S'il n'est pas aussi maîtrisé que le remarquable Maître du Haut Château, ce roman n'en est pas moins intéressant, tant il condense les interrogations habituelles de l'auteur, autour de trois thématiques principales que sont les distorsions temporelles, la perception d'une réalité truquée et mensongère, grand classique dickien, et enfin la révolte contre le règne de l'imposture généralisée.
Nicolas Saint-James est le président de «l'abri souterrain communautaire antimicrobien Tom Mix, ouvert en l'an 1 de la Troisième Guerre mondiale, soit en juin 2010, de longues, longues années auparavant» (1) et, comme des millions d'autres réfugiés terrés sous terre, il est persuadé que la surface de la planète n'est qu'un immense champ de ruines, balayées par de pestilentielles maladies qu'il s'agit d'éviter à tout prix. Le seul lien unissant ces populations à ce qu'elles pensent être le monde dévasté par la guerre tient aux nouvelles télévisées que Talbot Yancy, leur dirigeant, surnommé le Protecteur, leur fournit régulièrement : nous sommes toujours en guerre, leur dit-il, contre les ennemis de l'Est, la surface de la Terre est encore plus polluée, par les maladies et les radiations, qu'elle ne l'était voici quelques années, et nous avons besoin que vous continuiez, dans vos abris, à travailler d'arrache-pied pour nous fournir les robots-soldats dont nous avons besoin pour continuer de livrer bataille à un ennemi, le Pacif-Pop, qui n'hésite pas à raser des villes entières de la carte, images à l'appui, que je vous invite du reste à regarder.

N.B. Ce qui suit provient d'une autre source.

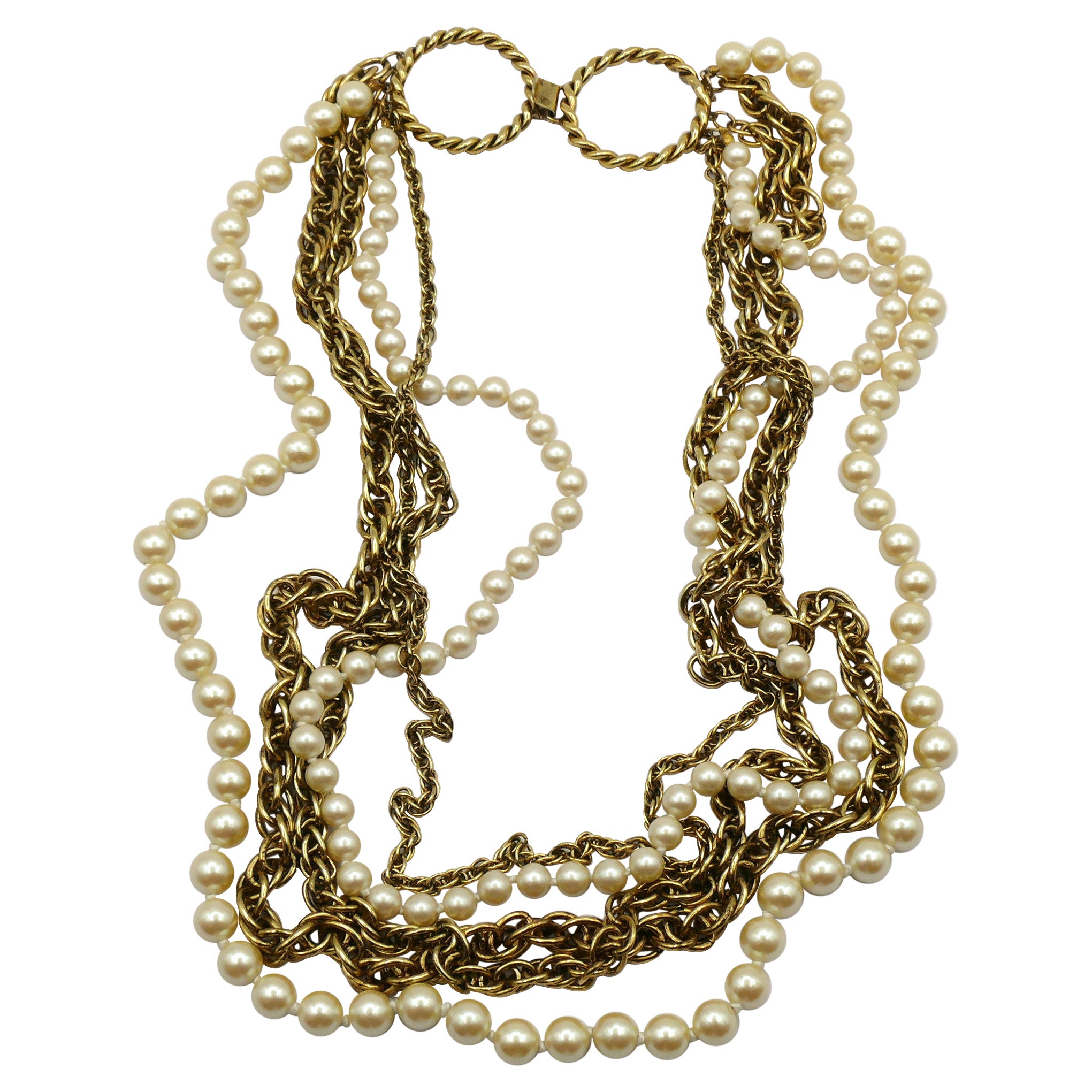 MOSCHINO Vintage Multi-Strand Gold Tone Chain & Pearl Necklace For Sale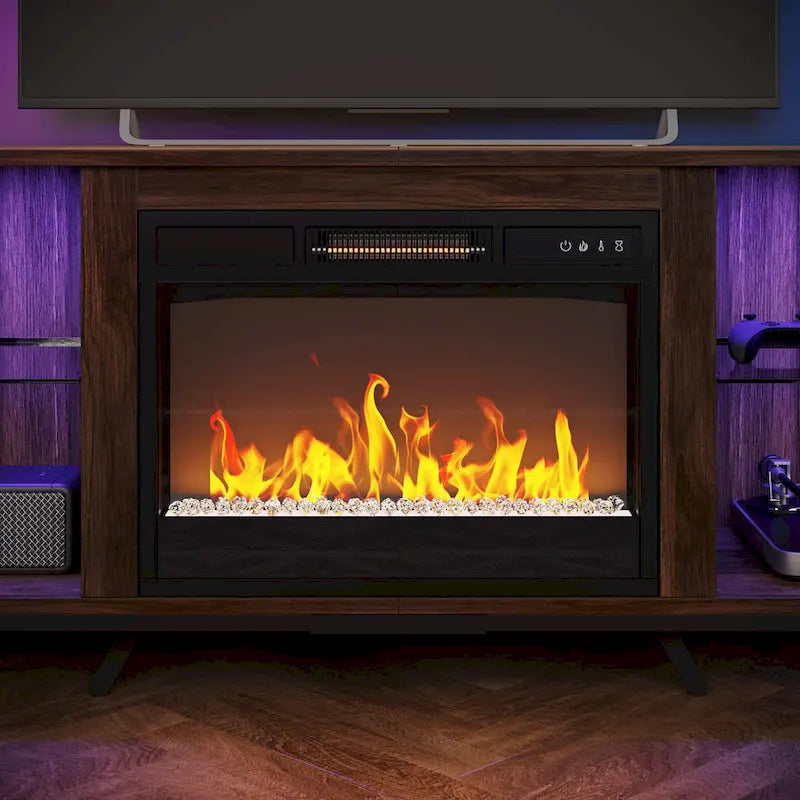 Meubles TV avec cheminée pour téléviseurs de 75 pouces Meuble TV console de divertissement de jeu - 71 pouces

Nos réfugiés, parqués comme des rats, ne savent pas que ces images sont fausses, tout comme les discours de leur dirigeant, le Protecteur Talbot Yancy qui n'est qu'un robot (mais aussi, complication quelque peu inutile, l'un des personnages réels du roman, par le biais d'un artifice temporel peu convaincant), et que la surface terrestre a eu le temps de reverdir, et qu'elle est désormais partagée en d'immenses propriétés (cf. p. 148) où une toute petite poignée de privilégiés vivent à l'abri du besoin, protégés par ces mêmes robots que fabriquent sans relâche les habitants du sous-sol.
Ajoutons qu'un certain Louis Runcible, l'homme qui loge les arrivants des abris souterrains «montés en surface en croyant y trouver la guerre, pour découvrir que celle-ci avait pris fin des années auparavant et que la superficie de la planète n'était qu'un immense parc» (p. 68), est en lutte ouverte contre le tout-puissant Stanton Brose, disposant pour sa solde personnelle d'une armée de robots et puisant sans aucun scrupule dans le stock rarissime d'organes de synthèse dont il se sert afin de prolonger son existence ventripotente et maléfique.
C'est sur cette trame d'irréalité ou de simulacres, assez classique chez Dick, et dont l'imposture semble toujours indiquée par quelque mystérieux élément extérieur venant perturber la quiétude d'une vie en apparence banale et tranquille (2), que se greffera la thématique des paradoxes temporels, à vrai dire superfétatoires dans ce roman, comme je l'ai dit, et qui ne saurait nous intéresser.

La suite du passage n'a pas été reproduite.